To produce a voxel representation the 3D space is split by equal intervals along the main orthogonal coordinate axes to obtain nx x ny x nz voxels (small cubes):

@image html voxels_wp_image003.png "A cube of 3 X 3 X 3  = 9 voxels." @image latex voxels_wp_image003.png "A cube of 3 X 3 X 3  = 9 voxels."

The data are attached to each voxel and remain the same within the voxel. It means that we obtain the 3D space with discrete data distribution.

The number of voxels used in a calculation can vary. An average model contains several tens of millions of voxels. Such a great amount of data requires special algorithms of computation, data containers keeping data in memory and visualization tools.

Open CASCADE Technology provides several basic data containers for voxels with fast access to the data and optimal allocation of data in memory.

Also, a special visualization toolkit allows visualizing voxels as colored or black/white points and cubes, displaying only the voxels visible from the user's point of view.

@image html voxels_wp_image004.png "A shape and its voxel representation" @image html voxels_wp_image005.png "A shape and its voxel representation"

@image latex voxels_wp_image004.png "A shape and its voxel representation" @image latex voxels_wp_image005.png "A shape and its voxel representation"

In these images a boundary representation is displayed to the left. In the center and to the right there are 3D discrete representations (or 3D discrete topology). Any solid shape can be translated into a voxel representation.

@section occt_voxels_wp_2 Data structure

The data structure to store the voxels data is a special class which gives fast access to the data of each voxel and allocates the data in an optimal way in the memory of a computer.

Fast access to the data is provided by means of bit-wise operators on the indices of internal arrays.

The optimal data allocation is reached through division of the whole data set into data subsets and keeping only non-zero pieces of data in memory.

A voxel can contain different data types,  but presently Open CASCADE Technology implements only several basic ones:

  • 1 bit or Boolean data type a voxel contains a flag: 0 or 1 (false or true).
  • 4 bits or Color data type a voxel contains a value occupying 4 bits.
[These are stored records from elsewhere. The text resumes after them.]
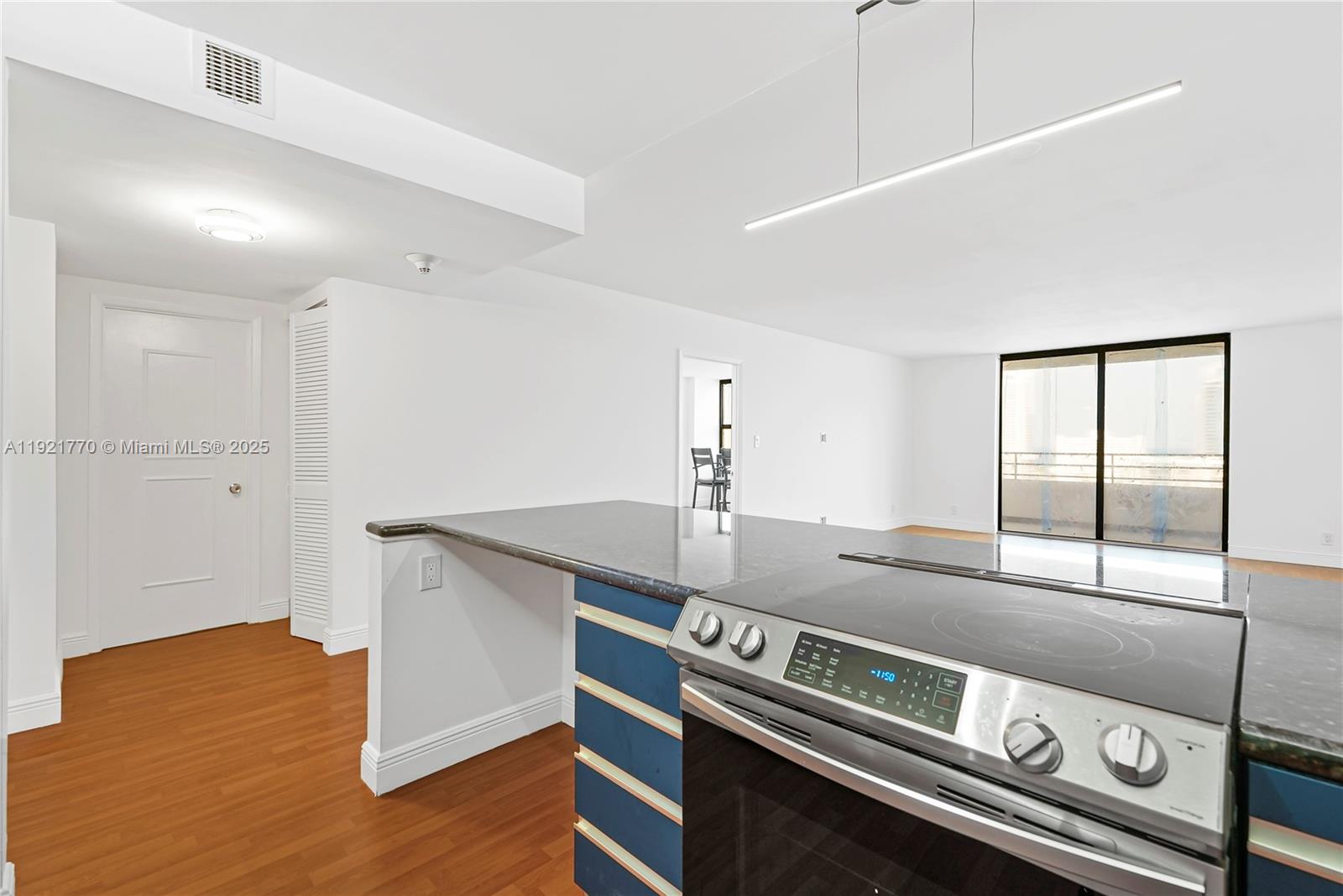 Photo of 2500 Parkview Dr  #1503, Hallandale Beach, Florida, 33009 - 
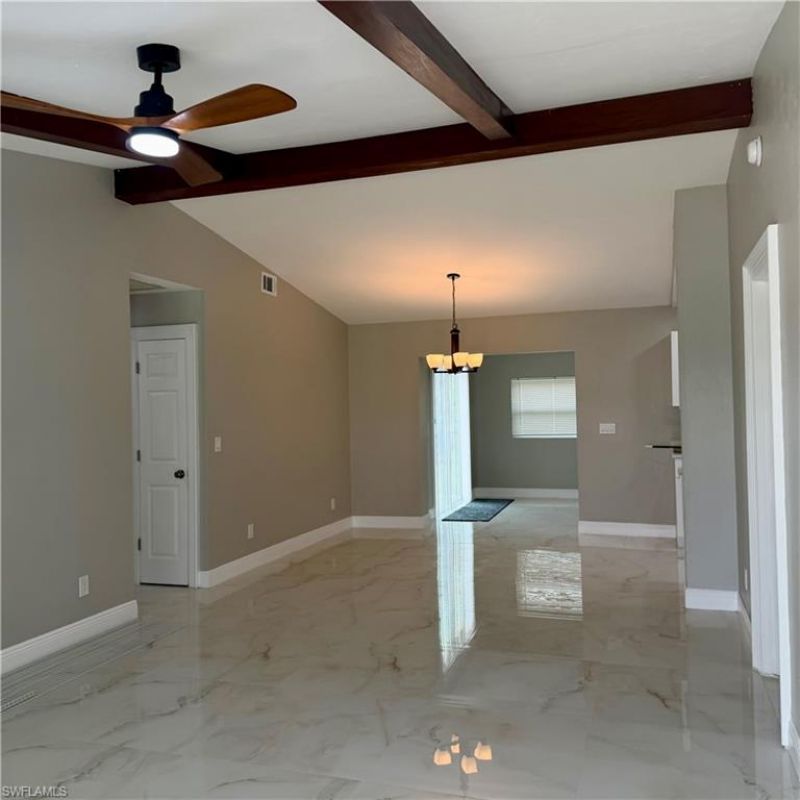 5142 19th Ct Sw, Naples, FL 34116 Photo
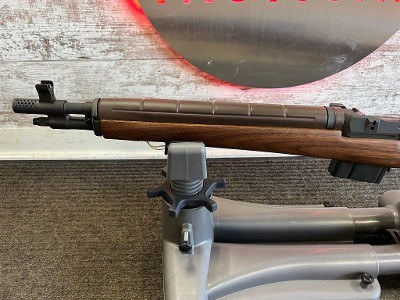 SPRINGFIELD ARMORY M1A TANKER .308 WIN - Image 7 of 8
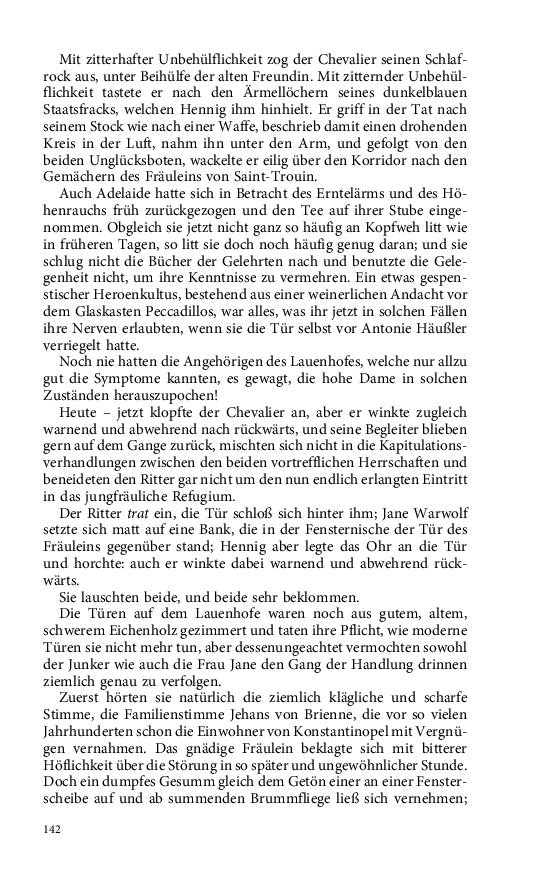 Seite 142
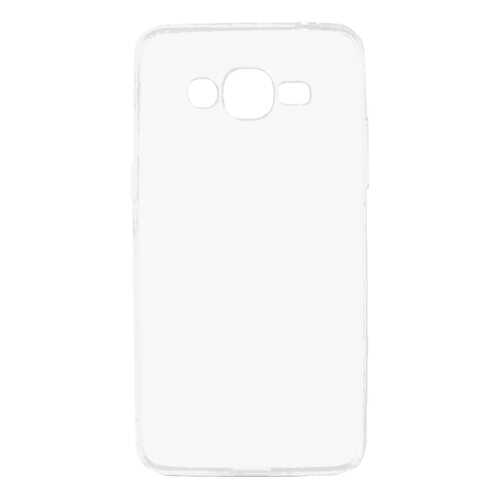 Чехол FUNC sCase-34 для Samsung Galaxy J2 Prime в Йота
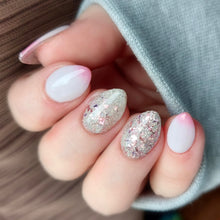 Load image into Gallery viewer, Give Yourself Grace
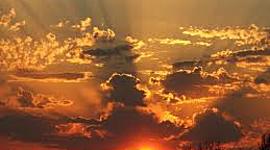 Timeline: Mi Linea de Tiempo   HERNANDEZ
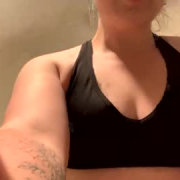 anna_mae_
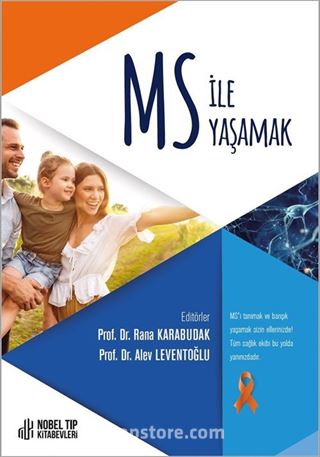 MS İle Yaşamak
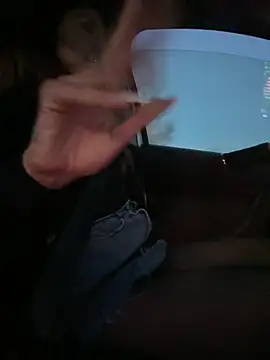 Amani_thewolf 라이브 XXX 채팅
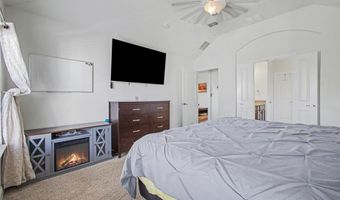 1400 Crossvine Dr, Anna, TX 75409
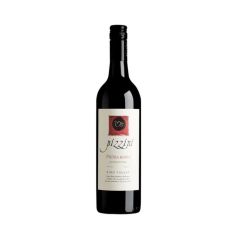 Pizzini Pietra San Rossa Sangiovese  750ML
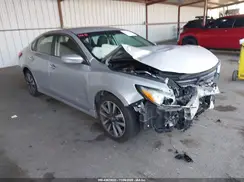 1N4AL3AP7HC283277 2017 NISSAN ALTIMA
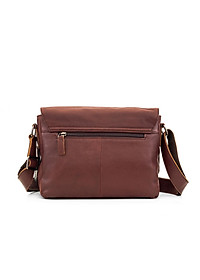 product-img-9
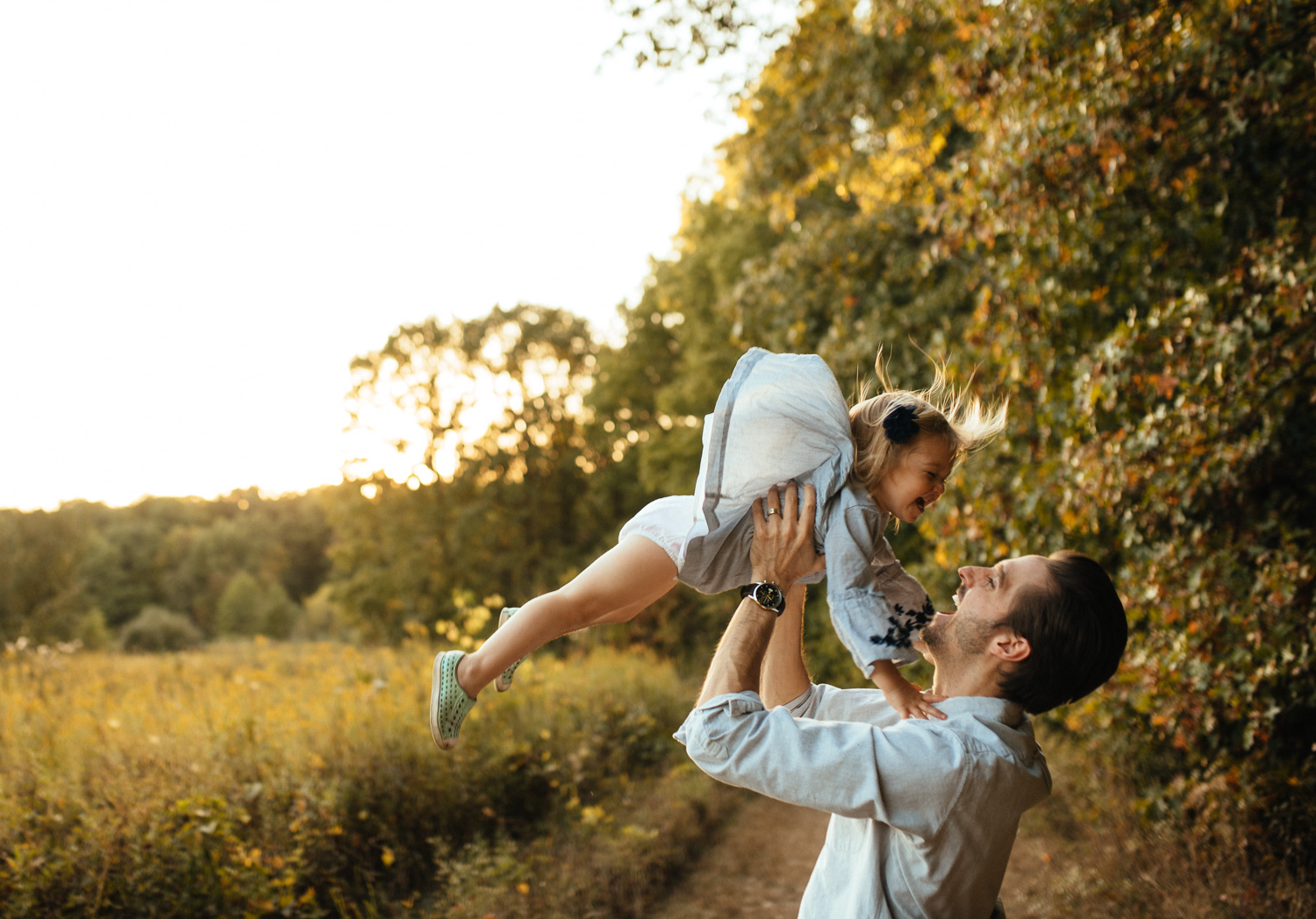 Columbus-Ohio-Family-Photographer-Erika-Venci-Photography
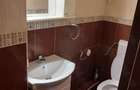 Apartament cu 3 camere în Militari - 10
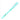 Custom Logo Plastic Insert Ballpoint Pen Household Alcohol Spray Pen | Premium Corporate Gifts and Custom Gifts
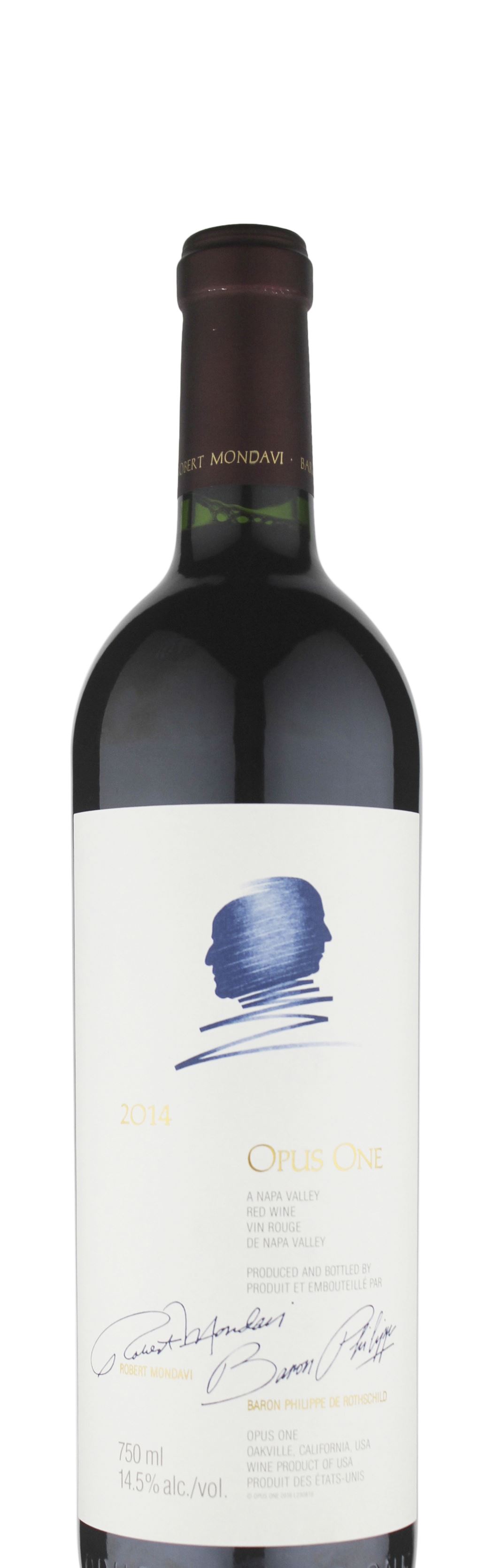 opus one cab opus one cab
It is an integer in the range of 0 .. 15. The data can be divided into 16 subsets and displayed by Color-voxels.
  • 4 bytes or Float data type a voxel contains a floating-point data type.

In addition, the data structures provide methods for calculation of a center point by voxel indices and a reverse task fast search of a voxel by a point inside the cube of voxels.

@section occt_voxels_wp_3 Algorithms

There are two service classes implemented for data structures of voxels:

  • Boolean operations provides simple boolean operations on cubes of voxels (fuse and cut).
  • Voxelization the conversion of a geometrical model into its voxel representation.

Boolean operations

Fusion and cutting of two cubes of voxels are performed the class Voxel_BooleanOperations. The cubes should have the same size and be split into voxels in the same way.

  • ::Fuse() summarizes the values of the corresponding voxels and limits the result by the upper limit (if succeeded).
  • ::Cut() subtracts the values of the corresponding voxels and limits the result by zero.

Voxelization

A class Voxel_Convert converts a TopoDS_Shape into one of the voxel data structures filling the solid shape by non-zero values.

The algorithm of voxelization generates only 1-bit or 4-bit voxels. Other data types may be obtained by conversion of voxels from one type to another.

Voxelization of a shape is performed by means of computation of intersection points between lines filling the volume and triangulation of the shape. The lines are parallel to main orthogonal axes and can intersect the shape from different sides: along +X, +Y and/or +Z axes.

The algorithm can run in multi-threaded mode (the number of threads is unlimited). The user can see an integer value indicating the progress of computation.

@section occt_voxels_wp_4 Visualization

Visualization of voxels is not a simple task due to a great amount of data used for 3D analysis.

Open CASCADE Technology allows visualization of a cube of voxels in two modes:

  • Points the centers of voxels as 3D points.
  • Boxes the voxels as 3D cubes of adjustable size.

A degenerated mode displays only the points (boxes) visible from the point of view of the user for transformation operations (zoom, pan and rotate).

To focus on a particular part of the model non-relevant voxels can be erased. The displayed region is defined by six co-ordinates along X, Y and Z axes .

It is possible to display the voxels from a particular range of values (iso-volume):

@image html voxels_wp_image006.png "Iso-volume of a shape" @image latex voxels_wp_image006.png "Iso-volume of a shape"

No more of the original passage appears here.